The reality, according to the study, most abuse is perpetrated by people the kid knows. Most victims meet online offenders face-to-face and go to those meetings expecting to engage in sex. Nearly three-quarters have sex with partners they met on the Internet more than once.

Child sexual abuse is wrong, do not mistake what I or the study is saying. What is more important is to teach your child about being safe, monitoring them, giving them information on sex and sexuality and in general acting like a parent. What is counterproductive are efforts to censor the internet and making criminals out of everyone.


1 comment:

Anonymous said...

So true.

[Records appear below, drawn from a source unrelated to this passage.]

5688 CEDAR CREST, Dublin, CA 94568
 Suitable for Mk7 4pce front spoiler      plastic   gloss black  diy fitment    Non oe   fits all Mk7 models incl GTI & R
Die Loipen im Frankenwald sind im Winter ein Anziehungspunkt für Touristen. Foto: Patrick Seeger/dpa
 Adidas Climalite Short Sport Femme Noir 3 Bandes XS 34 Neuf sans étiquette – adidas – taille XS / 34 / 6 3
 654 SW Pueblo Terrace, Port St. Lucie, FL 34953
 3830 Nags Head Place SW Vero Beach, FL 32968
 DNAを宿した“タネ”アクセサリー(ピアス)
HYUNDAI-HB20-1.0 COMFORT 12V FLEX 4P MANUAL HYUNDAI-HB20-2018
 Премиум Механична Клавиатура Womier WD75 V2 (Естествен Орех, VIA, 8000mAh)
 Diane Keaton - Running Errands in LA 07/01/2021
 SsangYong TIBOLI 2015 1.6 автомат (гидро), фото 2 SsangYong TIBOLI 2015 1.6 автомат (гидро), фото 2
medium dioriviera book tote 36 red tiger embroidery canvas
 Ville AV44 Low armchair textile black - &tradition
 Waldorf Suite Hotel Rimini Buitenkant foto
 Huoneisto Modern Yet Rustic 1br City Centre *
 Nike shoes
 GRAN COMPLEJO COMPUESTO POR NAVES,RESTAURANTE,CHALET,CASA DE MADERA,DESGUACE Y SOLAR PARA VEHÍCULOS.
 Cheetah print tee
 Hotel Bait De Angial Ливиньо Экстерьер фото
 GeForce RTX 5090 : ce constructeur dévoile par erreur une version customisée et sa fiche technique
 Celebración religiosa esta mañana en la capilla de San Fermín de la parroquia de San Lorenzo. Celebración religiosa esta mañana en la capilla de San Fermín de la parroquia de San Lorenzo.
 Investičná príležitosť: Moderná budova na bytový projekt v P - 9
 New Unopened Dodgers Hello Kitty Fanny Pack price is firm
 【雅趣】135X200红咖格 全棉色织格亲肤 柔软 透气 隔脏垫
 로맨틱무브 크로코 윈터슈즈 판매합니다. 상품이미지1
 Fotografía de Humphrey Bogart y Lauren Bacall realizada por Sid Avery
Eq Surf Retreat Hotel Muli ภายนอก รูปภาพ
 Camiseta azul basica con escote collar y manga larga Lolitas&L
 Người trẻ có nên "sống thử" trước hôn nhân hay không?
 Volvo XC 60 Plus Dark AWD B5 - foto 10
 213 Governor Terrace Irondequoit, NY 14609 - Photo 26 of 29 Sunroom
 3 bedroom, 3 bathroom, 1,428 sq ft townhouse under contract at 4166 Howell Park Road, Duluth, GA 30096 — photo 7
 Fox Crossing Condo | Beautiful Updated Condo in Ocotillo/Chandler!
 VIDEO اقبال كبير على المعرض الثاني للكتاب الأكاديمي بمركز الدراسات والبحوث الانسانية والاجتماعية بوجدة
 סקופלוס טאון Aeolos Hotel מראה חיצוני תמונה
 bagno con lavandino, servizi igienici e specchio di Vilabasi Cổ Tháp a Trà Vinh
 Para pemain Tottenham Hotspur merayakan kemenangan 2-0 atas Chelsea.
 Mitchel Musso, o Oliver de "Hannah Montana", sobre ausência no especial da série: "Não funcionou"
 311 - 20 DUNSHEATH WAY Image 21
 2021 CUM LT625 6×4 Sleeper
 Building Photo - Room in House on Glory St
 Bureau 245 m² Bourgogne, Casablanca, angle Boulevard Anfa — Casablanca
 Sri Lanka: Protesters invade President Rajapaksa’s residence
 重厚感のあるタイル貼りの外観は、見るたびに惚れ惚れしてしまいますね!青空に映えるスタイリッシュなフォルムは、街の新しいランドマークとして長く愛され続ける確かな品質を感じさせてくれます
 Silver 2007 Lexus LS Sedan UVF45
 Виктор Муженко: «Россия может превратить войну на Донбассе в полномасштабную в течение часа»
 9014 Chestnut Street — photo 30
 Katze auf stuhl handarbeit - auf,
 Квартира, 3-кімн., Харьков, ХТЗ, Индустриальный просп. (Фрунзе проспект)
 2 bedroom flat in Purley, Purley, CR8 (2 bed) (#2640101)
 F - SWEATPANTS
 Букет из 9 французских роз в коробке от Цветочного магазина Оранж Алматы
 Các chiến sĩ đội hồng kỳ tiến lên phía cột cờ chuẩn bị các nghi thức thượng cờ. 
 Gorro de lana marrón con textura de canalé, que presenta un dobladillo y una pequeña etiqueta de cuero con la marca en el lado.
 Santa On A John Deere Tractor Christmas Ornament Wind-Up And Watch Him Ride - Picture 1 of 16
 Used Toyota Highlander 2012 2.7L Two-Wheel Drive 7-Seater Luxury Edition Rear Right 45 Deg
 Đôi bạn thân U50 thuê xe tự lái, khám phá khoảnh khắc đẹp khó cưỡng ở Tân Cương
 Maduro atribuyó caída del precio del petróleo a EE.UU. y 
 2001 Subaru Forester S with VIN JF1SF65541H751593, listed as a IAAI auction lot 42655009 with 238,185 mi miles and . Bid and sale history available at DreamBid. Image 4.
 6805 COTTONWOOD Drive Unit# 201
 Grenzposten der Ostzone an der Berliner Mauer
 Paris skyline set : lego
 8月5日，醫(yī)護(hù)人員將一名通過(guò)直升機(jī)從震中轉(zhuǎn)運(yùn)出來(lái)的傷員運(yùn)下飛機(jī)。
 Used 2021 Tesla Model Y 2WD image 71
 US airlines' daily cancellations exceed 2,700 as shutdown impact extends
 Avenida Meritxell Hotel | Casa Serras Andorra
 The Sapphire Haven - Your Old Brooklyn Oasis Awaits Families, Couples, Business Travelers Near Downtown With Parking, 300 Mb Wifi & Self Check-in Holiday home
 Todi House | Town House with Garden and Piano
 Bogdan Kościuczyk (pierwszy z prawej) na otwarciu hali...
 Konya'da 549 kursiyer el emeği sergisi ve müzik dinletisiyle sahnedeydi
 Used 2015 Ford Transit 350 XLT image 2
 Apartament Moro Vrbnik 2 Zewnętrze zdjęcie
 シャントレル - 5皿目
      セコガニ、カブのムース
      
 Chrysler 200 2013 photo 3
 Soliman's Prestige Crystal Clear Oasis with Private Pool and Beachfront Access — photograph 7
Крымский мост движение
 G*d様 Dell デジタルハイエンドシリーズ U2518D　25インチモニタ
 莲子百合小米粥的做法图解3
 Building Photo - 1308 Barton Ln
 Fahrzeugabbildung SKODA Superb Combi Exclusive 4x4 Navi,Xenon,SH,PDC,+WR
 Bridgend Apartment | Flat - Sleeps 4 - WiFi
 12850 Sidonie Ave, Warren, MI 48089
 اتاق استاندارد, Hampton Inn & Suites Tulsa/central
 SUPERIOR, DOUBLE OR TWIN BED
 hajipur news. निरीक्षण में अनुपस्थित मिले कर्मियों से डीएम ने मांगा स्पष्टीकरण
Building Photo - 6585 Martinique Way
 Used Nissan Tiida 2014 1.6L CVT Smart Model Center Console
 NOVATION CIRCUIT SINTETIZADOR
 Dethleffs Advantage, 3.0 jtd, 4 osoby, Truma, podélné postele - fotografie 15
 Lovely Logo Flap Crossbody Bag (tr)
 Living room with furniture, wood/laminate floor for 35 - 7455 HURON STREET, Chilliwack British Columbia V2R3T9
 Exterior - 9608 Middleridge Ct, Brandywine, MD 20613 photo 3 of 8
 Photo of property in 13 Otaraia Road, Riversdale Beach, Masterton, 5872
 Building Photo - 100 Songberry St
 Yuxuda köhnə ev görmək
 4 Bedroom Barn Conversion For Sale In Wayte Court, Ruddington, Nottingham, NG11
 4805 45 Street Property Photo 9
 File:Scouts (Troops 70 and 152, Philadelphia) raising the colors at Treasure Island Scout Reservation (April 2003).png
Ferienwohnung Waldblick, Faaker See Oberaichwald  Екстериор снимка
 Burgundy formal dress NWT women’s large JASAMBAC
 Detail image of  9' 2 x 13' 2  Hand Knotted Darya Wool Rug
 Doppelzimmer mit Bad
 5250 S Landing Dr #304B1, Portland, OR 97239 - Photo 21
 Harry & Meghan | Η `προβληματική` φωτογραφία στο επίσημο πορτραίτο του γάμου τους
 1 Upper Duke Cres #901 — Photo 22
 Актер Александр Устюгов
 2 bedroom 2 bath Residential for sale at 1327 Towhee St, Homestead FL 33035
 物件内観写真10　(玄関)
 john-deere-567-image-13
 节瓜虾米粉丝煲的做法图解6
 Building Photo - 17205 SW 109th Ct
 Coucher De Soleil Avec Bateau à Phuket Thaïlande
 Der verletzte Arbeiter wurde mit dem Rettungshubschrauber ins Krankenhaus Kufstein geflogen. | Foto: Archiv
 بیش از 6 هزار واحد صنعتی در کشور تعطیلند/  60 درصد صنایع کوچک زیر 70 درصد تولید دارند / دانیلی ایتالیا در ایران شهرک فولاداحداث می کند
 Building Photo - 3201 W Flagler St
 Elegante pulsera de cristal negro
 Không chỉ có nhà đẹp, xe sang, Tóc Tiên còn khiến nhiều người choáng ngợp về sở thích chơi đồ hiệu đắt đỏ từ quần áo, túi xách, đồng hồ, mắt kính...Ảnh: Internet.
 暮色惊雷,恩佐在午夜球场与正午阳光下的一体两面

How many lives and businesses has that show, 'To Catch a Predator,' ruined? The ONE thing we don't need in this world are cops who lure normally law-abiding citizens into breaking laws. They might as well have the bank "mistakenly" deposit an extra $10,000 in your bank account and then arrest you for not paying taxes on it.

I remember when I first did chat rooms on AOL back in the mid-90s. You could tell even then who was the FBI guy in the room by how desperate "she" was to get you to meet her. Like you say, those 12-year old girls are just dying to hook up with a bald, fat, 40-something guy, that's what they want to brag to their girlfriends about!

This is a warning to everyone: real predators don't bother with the internet. They either go out and opportunity-snatch a kid off the street (which as we know is rare and well-publicized), or they hang in highly secretive places online — places cops can't get to.

I'm still waiting for the day when some guy waits for Chris Hansen to come from behind the curtain and he pulls out a gun and blows Hansen's brains all over the kitchen. Now that I'd watch!